Change, in general, indicates any act of making something different. The factors that necessitate change in organizations are broadly categorized into people, technology, information processing and communication, and competition. Some changes in the organization occur suddenly without the conscious efforts of the people. These are called unplanned changes. On the other hand, some changes are initiated by the management to accomplish certain goals and objectives. These are called planned changes. More often, change is met with resistance.
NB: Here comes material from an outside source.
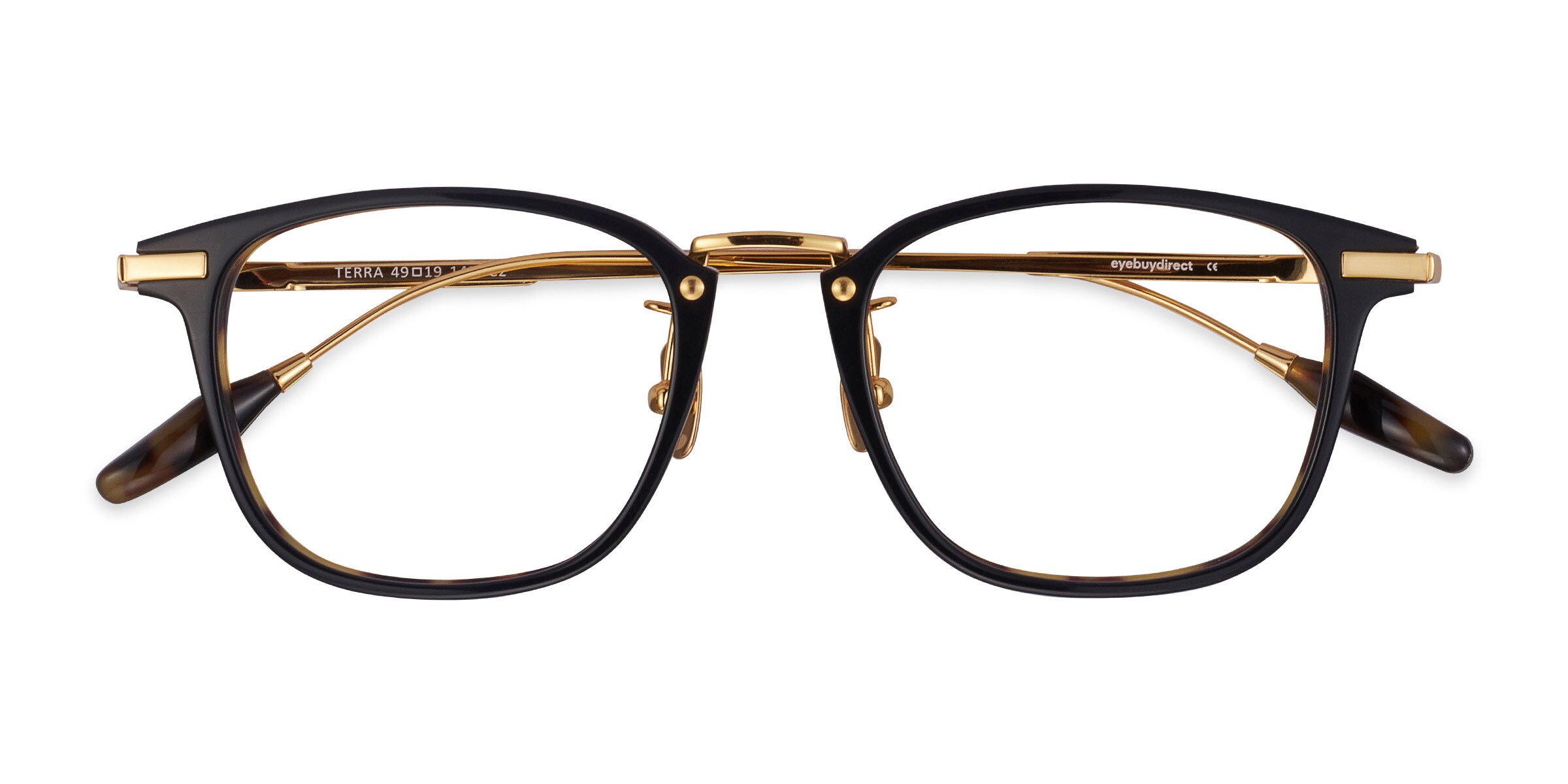 Terra Square Black Full Rim Eyeglasses | Eyebuydirect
The resistance can be implicit (or covert) or explicit (or overt). Resistance to change can be classified into individual resistance and organizational resistance. Individuals resist change because they consider it as a threat to their habits, security and economic conditions. Organizational resistance occurs mainly because of structural inertia, group inertia, and fear of losing power, expertise or control over resources.
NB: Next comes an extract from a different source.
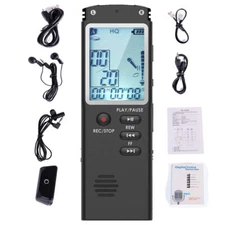 8/16/32G Voice Activated Mini Digital Sound Audio Recorder Dictaphone MP3 Player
To overcome resistance to change, management can educate employees, involve employees in change decisions, go for negotiation, manipulation, co-optation and coercion. Lewin 's three-step model is one approach to manage planned change. The model suggests that organizations can bring permanent changes in employee behavior by making them unlearn old behaviors and work procedures.
Modern organizations emphasize on innovation and learning to cope with changes in the business environment and stay ahead of competition. The different sources of innovation include change in awareness due to acquisition of new knowledge, changing perceptions of people, demographic changes, rapid changes in industry and market structure, imperfect processes, incongruity between reality and expectation and unexpected happenings. Organizations need to be committed to change and innovation and change their structure and culture to facilitate continuous learning of employees.